The Venture Capital Bill establishes a registration process for venture capital limited partnerships, Australian venture capital funds of funds and eligible venture capital investors.
Date of effect: This measure will apply from 1 July 2002.
Proposal announced: The proposals were announced in Treasurer's Press Release No. 81 of 15 October 2001.
Financial impact: This measure has a cost to revenue of $21 million in 2003-2004, $25 million in 2004-2005 and $30 million in 2005-2006.
Compliance cost impact: This measure will involve compliance costs arising from the requirement to register with the PDF Board and to report on a quarterly and annual basis. The PDF Board may also require additional information from time to time. However, these compliance costs will be minimal in comparison to the taxation benefits arising to the foreign investors.
Summary of regulation impact statement
Impact: This measure will impact on non-resident investors, venture capital funds of funds vehicles, and venture capital fund managers.
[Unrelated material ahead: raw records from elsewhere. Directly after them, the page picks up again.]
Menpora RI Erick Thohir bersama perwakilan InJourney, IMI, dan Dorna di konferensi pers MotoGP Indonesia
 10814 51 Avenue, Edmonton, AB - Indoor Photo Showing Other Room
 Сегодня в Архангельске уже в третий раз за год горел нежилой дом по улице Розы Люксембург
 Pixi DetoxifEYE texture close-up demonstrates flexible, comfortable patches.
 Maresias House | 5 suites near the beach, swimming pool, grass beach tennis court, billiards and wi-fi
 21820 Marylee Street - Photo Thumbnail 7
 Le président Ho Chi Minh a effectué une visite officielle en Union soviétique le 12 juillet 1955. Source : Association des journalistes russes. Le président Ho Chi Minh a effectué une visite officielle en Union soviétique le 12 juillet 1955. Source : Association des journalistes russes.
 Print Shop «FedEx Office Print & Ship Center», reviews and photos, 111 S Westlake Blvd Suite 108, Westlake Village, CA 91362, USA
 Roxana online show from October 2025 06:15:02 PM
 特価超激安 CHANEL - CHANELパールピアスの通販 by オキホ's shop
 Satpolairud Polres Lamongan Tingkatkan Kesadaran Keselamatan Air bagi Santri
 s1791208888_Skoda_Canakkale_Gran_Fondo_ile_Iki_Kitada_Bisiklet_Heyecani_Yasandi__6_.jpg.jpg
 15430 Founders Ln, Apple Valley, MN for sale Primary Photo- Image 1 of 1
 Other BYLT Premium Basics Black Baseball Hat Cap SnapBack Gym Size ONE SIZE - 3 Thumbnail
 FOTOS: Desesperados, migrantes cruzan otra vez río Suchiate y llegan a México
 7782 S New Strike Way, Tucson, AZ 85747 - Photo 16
The measure will also impact on eligible Australian companies seeking venture capital investments.
The Government agencies who administer this tax concession will also be impacted by this measure, in particular the ATO, DITR, AusIndustry and Invest Australia.
Main point: This measure will increase the level of investment in the Australian venture capital industry by non-residents. It will result in greater competition and increased access to overseas expertise for start-up and expanding companies.